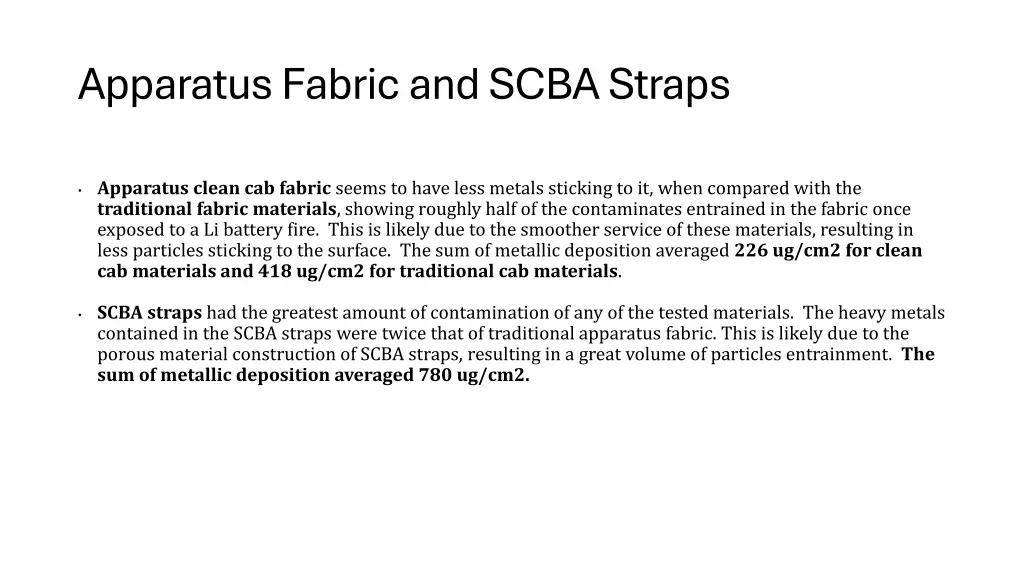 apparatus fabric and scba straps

* * *

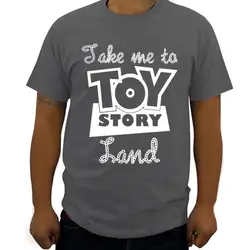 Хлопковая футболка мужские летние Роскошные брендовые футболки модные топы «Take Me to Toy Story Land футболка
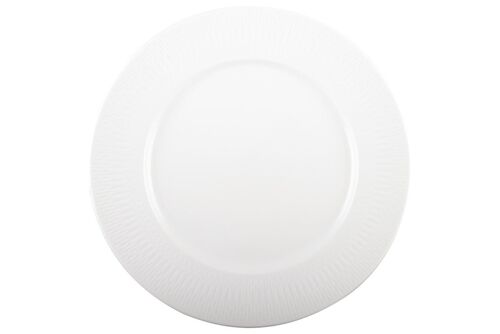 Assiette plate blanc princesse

*TO DO:* Copy exactly the lines of the listing above between the one holding "Хлопковая футболка мужские" and the one holding "Assiette plate blanc princesse", inclusive; omit all pictures.

*SOLUTION FOR THIS PROBLEM:*
 Хлопковая футболка мужские летние Роскошные брендовые футболки модные топы «Take Me to Toy Story Land футболка
 Assiette plate blanc princesse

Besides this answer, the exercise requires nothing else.